In November of 2009, Berkshire Hathaway spent $26 billion to buy the 77% of rail giant Burlington Northern that it didn't already own. In interviews, Warren Buffett referred to this as "betting on America." Buffett has been consistent in his positive outlook for the U.S. economy, looking past short-term events to focus on America's ingenuity and resolve and its ability to attract the best and the brightest from around the world.

Buffett is consistently voted the greatest investor of all time. In the 46 years he's run Berkshire Hathaway, annual growth in book value has exceeded 20%, more than twice the gains for the U.S. stock market index. Even more remarkable, Buffett's numbers are after tax, while the index's gains are pretax. And while he had lagged in individual years, in his last letter to shareholders, Buffett pointed out that there has never been a five-year period where Berkshire Hathaway underperformed the S&P.

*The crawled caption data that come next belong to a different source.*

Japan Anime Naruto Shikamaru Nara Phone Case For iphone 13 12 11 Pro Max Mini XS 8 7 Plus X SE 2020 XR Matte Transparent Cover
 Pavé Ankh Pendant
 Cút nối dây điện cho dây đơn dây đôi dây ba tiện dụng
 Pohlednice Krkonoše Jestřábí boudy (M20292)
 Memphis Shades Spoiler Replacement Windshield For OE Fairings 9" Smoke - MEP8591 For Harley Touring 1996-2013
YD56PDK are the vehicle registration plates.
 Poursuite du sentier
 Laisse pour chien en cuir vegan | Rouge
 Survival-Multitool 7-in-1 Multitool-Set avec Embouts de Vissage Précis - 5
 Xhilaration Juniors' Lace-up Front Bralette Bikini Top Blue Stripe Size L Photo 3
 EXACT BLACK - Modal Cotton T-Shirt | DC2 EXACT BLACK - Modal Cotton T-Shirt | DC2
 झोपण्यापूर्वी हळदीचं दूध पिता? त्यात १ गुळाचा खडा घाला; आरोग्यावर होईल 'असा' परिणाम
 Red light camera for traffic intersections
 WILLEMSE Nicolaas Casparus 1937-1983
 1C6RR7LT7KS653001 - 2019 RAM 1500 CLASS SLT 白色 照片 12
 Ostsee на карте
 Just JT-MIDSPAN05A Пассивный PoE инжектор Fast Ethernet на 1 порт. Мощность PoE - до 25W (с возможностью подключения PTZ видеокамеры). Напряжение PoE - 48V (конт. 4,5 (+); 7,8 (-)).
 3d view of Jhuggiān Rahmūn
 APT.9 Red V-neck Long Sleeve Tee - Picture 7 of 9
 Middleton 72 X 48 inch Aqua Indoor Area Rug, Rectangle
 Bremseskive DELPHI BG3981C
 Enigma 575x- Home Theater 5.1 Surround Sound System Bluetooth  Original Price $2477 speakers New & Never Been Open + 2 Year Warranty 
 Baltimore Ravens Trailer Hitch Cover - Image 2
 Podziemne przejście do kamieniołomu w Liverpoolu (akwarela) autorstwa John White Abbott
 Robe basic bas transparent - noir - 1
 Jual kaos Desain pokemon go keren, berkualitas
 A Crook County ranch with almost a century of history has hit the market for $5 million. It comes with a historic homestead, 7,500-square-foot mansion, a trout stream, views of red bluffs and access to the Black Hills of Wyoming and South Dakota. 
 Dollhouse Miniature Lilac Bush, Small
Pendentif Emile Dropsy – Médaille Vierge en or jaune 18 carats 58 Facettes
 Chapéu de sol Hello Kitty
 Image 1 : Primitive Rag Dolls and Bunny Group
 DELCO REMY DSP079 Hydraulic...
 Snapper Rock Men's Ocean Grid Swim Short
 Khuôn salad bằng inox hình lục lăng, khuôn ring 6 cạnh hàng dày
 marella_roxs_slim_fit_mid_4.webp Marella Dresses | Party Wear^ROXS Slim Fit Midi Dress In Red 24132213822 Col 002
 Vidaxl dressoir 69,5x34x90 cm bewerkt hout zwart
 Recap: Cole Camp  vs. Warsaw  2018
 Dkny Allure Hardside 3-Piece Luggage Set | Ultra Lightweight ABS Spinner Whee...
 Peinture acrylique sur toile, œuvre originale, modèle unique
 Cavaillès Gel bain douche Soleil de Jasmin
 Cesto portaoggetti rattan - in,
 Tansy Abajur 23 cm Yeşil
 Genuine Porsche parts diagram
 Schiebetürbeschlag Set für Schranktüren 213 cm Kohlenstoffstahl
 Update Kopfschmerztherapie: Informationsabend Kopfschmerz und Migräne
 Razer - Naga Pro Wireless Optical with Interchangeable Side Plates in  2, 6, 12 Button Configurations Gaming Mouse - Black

To put his record into dollar terms, $1,000 invested in the Standard & Poor’s index of U.S. stocks at the start of 1965 would have risen by the end of 2010 to $62,620. By contrast, that same $1,000 under Buffett's stewardship would have grown to over $4 million.

Quote #2
-- Bill Gross, Morningstar Fixed Income Manager of the Decade; June 7, 2011
“In terms of the stock market, there are amazing 0pportunities [compared to U.S. government bonds]; there’s a huge gap and a huge differential.”

As manager of PIMCO Total Return Fund, the world's largest bond fund, Bill Gross turned in a track record matched by few others and was named Morningstar Fixed Income Manager of the Decade. In part, this stems from his willingness to take contrarian views: in 2010, he went on record talking about the "new normal" of lower growth, higher inflation, and increased risk in holding debt of governments around the world.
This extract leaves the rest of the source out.